What you need to do: In duplicating the lines below, keep every word unchanged and drop the pictures.

Information supplied:
- - - - -
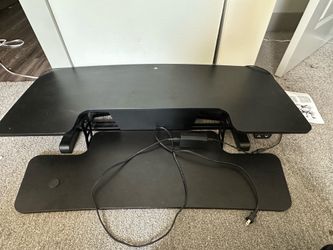 Electric adjustable desk converter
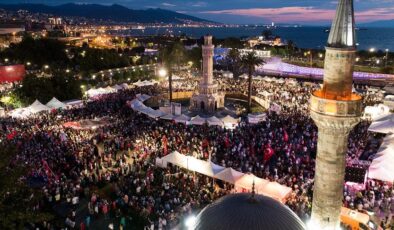 İzmir’de Demokrasi ve Birlik Ruhu: 15 Temmuz’da İzmir Valiliği’nden Konak’ta Özel Program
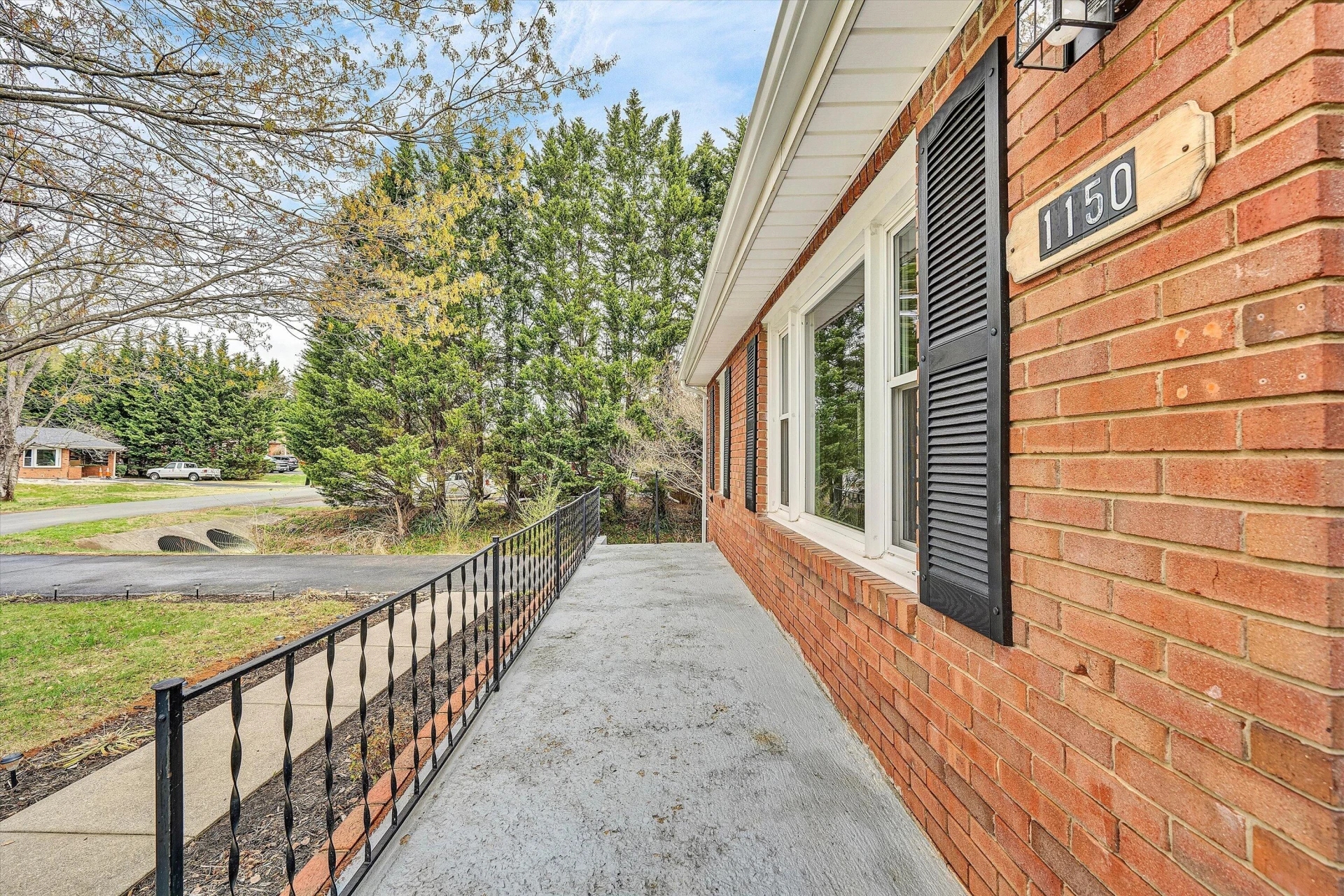 1150 Starmount AVE - Photo 5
- - - - -
Solution for this problem:
 Electric adjustable desk converter
 İzmir’de Demokrasi ve Birlik Ruhu: 15 Temmuz’da İzmir Valiliği’nden Konak’ta Özel Program
 1150 Starmount AVE - Photo 5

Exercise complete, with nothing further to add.